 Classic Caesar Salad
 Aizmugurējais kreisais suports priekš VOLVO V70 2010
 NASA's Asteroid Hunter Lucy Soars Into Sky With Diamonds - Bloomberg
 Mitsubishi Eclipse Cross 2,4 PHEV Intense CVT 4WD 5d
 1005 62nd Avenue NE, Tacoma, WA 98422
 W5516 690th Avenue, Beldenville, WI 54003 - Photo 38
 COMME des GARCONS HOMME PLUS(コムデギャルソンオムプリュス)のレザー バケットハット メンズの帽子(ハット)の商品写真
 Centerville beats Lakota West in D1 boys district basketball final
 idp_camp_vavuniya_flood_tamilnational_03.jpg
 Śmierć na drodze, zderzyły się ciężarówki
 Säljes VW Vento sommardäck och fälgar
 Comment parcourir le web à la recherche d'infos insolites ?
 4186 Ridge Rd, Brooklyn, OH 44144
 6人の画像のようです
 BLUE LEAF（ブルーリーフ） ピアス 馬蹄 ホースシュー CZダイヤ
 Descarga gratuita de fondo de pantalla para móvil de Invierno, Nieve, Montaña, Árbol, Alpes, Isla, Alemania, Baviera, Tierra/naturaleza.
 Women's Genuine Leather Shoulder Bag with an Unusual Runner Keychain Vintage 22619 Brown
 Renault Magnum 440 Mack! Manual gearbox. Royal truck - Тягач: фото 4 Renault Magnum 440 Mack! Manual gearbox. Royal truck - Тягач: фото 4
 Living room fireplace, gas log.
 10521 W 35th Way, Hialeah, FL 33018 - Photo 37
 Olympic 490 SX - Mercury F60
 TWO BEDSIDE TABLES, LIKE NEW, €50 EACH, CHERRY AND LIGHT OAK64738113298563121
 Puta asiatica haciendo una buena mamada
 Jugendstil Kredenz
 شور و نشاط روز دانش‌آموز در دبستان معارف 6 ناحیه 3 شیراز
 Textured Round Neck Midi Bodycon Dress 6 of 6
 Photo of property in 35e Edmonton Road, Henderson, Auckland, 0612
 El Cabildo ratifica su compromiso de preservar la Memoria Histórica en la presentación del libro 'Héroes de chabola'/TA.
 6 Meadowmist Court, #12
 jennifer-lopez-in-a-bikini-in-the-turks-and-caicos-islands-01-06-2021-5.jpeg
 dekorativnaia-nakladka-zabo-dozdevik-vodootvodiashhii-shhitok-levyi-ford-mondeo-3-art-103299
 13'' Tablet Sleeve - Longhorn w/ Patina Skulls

# # # # #

Action item: Copy out each record from above, exactly.

Solution below:
 Classic Caesar Salad
 Aizmugurējais kreisais suports priekš VOLVO V70 2010
 NASA's Asteroid Hunter Lucy Soars Into Sky With Diamonds - Bloomberg
 Mitsubishi Eclipse Cross 2,4 PHEV Intense CVT 4WD 5d
 1005 62nd Avenue NE, Tacoma, WA 98422
 W5516 690th Avenue, Beldenville, WI 54003 - Photo 38
 COMME des GARCONS HOMME PLUS(コムデギャルソンオムプリュス)のレザー バケットハット メンズの帽子(ハット)の商品写真
 Centerville beats Lakota West in D1 boys district basketball final
 idp_camp_vavuniya_flood_tamilnational_03.jpg
 Śmierć na drodze, zderzyły się ciężarówki
 Säljes VW Vento sommardäck och fälgar
 Comment parcourir le web à la recherche d'infos insolites ?
 4186 Ridge Rd, Brooklyn, OH 44144
 6人の画像のようです
 BLUE LEAF（ブルーリーフ） ピアス 馬蹄 ホースシュー CZダイヤ
 Descarga gratuita de fondo de pantalla para móvil de Invierno, Nieve, Montaña, Árbol, Alpes, Isla, Alemania, Baviera, Tierra/naturaleza.
 Women's Genuine Leather Shoulder Bag with an Unusual Runner Keychain Vintage 22619 Brown
 Renault Magnum 440 Mack! Manual gearbox. Royal truck - Тягач: фото 4 Renault Magnum 440 Mack! Manual gearbox. Royal truck - Тягач: фото 4
 Living room fireplace, gas log.
 10521 W 35th Way, Hialeah, FL 33018 - Photo 37
 Olympic 490 SX - Mercury F60
 TWO BEDSIDE TABLES, LIKE NEW, €50 EACH, CHERRY AND LIGHT OAK64738113298563121
 Puta asiatica haciendo una buena mamada
 Jugendstil Kredenz
 شور و نشاط روز دانش‌آموز در دبستان معارف 6 ناحیه 3 شیراز
 Textured Round Neck Midi Bodycon Dress 6 of 6
 Photo of property in 35e Edmonton Road, Henderson, Auckland, 0612
 El Cabildo ratifica su compromiso de preservar la Memoria Histórica en la presentación del libro 'Héroes de chabola'/TA.
 6 Meadowmist Court, #12
 jennifer-lopez-in-a-bikini-in-the-turks-and-caicos-islands-01-06-2021-5.jpeg
 dekorativnaia-nakladka-zabo-dozdevik-vodootvodiashhii-shhitok-levyi-ford-mondeo-3-art-103299
 13'' Tablet Sleeve - Longhorn w/ Patina Skulls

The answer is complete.